**Supplied records**
◆ ◆ ◆
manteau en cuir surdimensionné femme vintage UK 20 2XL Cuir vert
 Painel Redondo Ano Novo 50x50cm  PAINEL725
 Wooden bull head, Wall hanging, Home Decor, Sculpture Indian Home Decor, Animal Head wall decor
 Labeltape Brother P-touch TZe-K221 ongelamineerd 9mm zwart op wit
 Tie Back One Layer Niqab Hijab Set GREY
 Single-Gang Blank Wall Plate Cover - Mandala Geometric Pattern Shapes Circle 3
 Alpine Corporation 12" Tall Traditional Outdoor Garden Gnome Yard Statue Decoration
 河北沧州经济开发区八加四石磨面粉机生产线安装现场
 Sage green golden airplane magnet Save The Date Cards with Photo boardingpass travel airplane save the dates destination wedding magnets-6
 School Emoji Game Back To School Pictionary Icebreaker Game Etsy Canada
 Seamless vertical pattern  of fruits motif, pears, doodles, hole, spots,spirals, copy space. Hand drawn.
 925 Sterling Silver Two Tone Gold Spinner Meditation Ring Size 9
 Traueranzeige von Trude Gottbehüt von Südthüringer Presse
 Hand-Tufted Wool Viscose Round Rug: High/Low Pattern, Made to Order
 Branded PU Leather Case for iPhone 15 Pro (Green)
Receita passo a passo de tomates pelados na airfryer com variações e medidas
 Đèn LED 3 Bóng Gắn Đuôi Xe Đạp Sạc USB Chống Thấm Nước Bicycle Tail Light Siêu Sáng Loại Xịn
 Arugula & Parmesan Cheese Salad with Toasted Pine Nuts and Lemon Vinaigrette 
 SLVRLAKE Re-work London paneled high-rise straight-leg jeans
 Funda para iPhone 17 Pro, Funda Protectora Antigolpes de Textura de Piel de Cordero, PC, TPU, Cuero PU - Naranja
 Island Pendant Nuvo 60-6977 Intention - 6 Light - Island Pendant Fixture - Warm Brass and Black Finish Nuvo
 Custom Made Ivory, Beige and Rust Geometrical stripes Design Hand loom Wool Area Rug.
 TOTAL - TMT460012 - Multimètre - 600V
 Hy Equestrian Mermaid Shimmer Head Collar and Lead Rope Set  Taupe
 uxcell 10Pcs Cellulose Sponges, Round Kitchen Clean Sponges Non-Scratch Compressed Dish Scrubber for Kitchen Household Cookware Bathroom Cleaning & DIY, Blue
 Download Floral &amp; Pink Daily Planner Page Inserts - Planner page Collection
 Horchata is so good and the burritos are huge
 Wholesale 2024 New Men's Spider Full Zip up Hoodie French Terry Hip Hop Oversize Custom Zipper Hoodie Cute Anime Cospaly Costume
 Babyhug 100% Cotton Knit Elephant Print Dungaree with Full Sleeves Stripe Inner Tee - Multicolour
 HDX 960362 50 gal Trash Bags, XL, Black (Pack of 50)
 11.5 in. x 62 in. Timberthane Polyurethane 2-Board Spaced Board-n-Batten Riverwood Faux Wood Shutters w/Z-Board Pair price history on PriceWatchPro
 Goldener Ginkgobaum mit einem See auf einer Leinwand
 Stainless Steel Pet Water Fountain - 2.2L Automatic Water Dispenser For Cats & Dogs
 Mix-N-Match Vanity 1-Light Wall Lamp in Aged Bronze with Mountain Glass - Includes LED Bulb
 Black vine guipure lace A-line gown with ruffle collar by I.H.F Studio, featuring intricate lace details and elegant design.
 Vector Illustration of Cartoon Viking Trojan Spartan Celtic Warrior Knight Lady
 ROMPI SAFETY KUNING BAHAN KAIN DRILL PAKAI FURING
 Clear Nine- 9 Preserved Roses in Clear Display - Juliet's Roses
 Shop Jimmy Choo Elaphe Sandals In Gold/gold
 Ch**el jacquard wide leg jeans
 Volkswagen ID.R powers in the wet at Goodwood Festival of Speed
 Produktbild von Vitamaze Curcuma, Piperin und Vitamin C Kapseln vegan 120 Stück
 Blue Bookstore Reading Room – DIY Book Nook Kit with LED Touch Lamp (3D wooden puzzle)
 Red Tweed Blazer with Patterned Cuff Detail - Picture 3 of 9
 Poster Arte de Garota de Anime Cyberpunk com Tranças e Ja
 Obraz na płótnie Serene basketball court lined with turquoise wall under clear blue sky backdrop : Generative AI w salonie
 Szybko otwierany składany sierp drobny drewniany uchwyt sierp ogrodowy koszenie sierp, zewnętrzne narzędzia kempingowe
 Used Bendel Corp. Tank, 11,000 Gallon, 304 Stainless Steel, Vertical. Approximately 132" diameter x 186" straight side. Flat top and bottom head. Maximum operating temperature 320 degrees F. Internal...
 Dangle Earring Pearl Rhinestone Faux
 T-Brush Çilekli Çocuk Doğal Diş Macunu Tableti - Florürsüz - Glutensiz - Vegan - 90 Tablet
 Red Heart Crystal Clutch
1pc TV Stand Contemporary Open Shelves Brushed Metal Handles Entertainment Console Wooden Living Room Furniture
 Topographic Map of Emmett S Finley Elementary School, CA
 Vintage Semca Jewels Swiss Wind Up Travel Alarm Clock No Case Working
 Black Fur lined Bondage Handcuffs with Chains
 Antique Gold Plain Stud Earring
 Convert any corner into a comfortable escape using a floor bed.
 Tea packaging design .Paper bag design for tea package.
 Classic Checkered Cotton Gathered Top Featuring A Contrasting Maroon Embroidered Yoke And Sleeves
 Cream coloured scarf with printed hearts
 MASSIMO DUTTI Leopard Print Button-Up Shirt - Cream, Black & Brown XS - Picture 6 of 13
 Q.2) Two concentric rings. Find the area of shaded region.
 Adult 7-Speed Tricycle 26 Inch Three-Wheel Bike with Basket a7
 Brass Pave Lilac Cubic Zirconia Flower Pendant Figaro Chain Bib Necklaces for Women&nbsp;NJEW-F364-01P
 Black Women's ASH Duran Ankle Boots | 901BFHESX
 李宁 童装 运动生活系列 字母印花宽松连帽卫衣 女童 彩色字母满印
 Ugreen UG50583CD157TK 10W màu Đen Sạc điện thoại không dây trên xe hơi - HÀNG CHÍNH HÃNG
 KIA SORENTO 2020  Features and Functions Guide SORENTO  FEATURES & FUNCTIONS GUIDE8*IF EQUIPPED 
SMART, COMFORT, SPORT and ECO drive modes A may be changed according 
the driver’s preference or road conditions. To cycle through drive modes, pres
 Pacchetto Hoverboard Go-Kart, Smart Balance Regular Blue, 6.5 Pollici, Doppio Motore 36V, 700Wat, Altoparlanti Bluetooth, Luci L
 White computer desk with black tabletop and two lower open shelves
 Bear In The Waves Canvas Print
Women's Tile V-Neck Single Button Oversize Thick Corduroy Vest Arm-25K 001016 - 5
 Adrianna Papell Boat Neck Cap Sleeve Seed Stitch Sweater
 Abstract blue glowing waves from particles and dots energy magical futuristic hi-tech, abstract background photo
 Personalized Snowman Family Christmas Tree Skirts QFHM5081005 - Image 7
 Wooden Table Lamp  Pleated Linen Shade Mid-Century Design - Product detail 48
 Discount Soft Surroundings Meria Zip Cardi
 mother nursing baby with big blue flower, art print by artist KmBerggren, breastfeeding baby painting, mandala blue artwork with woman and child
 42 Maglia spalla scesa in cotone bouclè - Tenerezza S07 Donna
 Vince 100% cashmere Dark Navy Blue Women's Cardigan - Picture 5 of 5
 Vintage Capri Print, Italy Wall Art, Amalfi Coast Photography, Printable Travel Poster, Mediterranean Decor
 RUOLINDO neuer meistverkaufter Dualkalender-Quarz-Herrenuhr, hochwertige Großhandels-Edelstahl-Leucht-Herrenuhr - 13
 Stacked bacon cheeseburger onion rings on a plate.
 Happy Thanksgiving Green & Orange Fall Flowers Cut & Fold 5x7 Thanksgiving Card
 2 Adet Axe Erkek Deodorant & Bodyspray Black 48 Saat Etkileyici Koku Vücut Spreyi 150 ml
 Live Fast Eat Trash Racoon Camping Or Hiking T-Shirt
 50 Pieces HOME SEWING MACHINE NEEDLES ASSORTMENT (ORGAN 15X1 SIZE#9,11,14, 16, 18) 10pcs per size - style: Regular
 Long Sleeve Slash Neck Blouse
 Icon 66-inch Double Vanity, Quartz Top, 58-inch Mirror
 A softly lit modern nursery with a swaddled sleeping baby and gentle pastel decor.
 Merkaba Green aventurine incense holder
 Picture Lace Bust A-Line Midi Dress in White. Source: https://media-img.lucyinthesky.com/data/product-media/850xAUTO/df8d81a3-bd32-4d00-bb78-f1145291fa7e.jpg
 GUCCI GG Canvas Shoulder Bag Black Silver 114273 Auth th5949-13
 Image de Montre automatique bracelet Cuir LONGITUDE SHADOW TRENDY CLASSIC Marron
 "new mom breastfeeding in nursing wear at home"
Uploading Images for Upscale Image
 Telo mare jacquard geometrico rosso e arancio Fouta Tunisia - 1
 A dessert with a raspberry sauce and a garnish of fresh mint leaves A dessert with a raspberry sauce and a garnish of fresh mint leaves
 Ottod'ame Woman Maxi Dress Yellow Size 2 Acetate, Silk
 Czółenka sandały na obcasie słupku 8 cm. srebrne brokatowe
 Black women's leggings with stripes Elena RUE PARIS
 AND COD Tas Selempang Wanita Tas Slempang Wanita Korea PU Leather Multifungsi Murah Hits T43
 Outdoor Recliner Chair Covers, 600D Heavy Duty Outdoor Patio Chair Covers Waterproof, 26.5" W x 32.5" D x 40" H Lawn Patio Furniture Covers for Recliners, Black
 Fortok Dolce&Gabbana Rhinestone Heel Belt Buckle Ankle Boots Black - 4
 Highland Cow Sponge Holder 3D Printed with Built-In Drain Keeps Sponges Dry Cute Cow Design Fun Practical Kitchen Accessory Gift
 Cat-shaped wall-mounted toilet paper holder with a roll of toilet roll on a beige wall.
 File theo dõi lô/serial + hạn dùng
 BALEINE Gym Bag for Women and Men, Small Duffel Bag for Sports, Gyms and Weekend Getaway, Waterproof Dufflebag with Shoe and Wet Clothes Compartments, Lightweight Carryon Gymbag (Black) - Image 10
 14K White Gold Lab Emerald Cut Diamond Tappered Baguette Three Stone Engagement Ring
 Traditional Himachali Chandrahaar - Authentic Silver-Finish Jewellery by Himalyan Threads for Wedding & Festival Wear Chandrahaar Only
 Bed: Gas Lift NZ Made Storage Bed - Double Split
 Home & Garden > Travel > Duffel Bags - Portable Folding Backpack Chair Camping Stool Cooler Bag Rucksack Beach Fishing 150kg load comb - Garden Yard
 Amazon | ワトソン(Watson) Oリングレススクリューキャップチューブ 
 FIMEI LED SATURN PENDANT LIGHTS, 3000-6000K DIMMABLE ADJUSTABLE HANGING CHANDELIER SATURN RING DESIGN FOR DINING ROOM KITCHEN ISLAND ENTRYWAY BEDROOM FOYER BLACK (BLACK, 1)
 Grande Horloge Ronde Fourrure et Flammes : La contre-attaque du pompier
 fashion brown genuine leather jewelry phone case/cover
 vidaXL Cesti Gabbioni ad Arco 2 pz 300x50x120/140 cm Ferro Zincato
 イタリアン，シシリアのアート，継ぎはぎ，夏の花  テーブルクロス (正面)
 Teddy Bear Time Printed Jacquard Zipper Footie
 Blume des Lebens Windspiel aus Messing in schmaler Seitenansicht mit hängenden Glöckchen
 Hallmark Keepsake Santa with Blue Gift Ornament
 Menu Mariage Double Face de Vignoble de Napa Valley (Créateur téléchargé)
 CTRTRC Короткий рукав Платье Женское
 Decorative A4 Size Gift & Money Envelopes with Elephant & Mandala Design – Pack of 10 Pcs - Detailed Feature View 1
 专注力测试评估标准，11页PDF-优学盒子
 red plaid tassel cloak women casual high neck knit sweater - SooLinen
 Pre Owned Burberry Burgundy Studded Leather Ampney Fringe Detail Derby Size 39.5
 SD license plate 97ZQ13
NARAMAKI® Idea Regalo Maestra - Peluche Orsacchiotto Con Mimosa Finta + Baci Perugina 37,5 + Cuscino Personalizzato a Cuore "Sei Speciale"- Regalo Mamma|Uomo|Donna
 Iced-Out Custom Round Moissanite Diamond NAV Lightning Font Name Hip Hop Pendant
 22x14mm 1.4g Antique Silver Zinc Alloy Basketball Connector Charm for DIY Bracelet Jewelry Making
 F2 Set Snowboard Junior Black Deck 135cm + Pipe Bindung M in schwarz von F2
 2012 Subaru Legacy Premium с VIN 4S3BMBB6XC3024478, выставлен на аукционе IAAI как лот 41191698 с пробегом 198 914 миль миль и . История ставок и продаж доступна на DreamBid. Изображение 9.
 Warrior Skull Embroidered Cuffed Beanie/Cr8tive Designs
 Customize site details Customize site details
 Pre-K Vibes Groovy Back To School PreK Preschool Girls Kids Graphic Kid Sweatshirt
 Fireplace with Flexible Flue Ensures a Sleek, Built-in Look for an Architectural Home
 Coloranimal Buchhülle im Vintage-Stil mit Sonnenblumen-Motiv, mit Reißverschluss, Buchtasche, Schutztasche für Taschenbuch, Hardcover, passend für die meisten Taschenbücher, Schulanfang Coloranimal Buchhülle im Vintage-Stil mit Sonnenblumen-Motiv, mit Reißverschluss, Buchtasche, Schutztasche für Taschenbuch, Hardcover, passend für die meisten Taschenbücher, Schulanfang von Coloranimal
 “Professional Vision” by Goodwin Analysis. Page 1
◆ ◆ ◆
**Exercise**
Take from the material above the lines running from the one with "KIA SORENTO 2020" through the one with "Live Fast Eat", and repeat them exactly, with nothing else.

**Written answer**
 KIA SORENTO 2020  Features and Functions Guide SORENTO  FEATURES & FUNCTIONS GUIDE8*IF EQUIPPED 
SMART, COMFORT, SPORT and ECO drive modes A may be changed according 
the driver’s preference or road conditions. To cycle through drive modes, pres
 Pacchetto Hoverboard Go-Kart, Smart Balance Regular Blue, 6.5 Pollici, Doppio Motore 36V, 700Wat, Altoparlanti Bluetooth, Luci L
 White computer desk with black tabletop and two lower open shelves
 Bear In The Waves Canvas Print
Women's Tile V-Neck Single Button Oversize Thick Corduroy Vest Arm-25K 001016 - 5
 Adrianna Papell Boat Neck Cap Sleeve Seed Stitch Sweater
 Abstract blue glowing waves from particles and dots energy magical futuristic hi-tech, abstract background photo
 Personalized Snowman Family Christmas Tree Skirts QFHM5081005 - Image 7
 Wooden Table Lamp  Pleated Linen Shade Mid-Century Design - Product detail 48
 Discount Soft Surroundings Meria Zip Cardi
 mother nursing baby with big blue flower, art print by artist KmBerggren, breastfeeding baby painting, mandala blue artwork with woman and child
 42 Maglia spalla scesa in cotone bouclè - Tenerezza S07 Donna
 Vince 100% cashmere Dark Navy Blue Women's Cardigan - Picture 5 of 5
 Vintage Capri Print, Italy Wall Art, Amalfi Coast Photography, Printable Travel Poster, Mediterranean Decor
 RUOLINDO neuer meistverkaufter Dualkalender-Quarz-Herrenuhr, hochwertige Großhandels-Edelstahl-Leucht-Herrenuhr - 13
 Stacked bacon cheeseburger onion rings on a plate.
 Happy Thanksgiving Green & Orange Fall Flowers Cut & Fold 5x7 Thanksgiving Card
 2 Adet Axe Erkek Deodorant & Bodyspray Black 48 Saat Etkileyici Koku Vücut Spreyi 150 ml
 Live Fast Eat Trash Racoon Camping Or Hiking T-Shirt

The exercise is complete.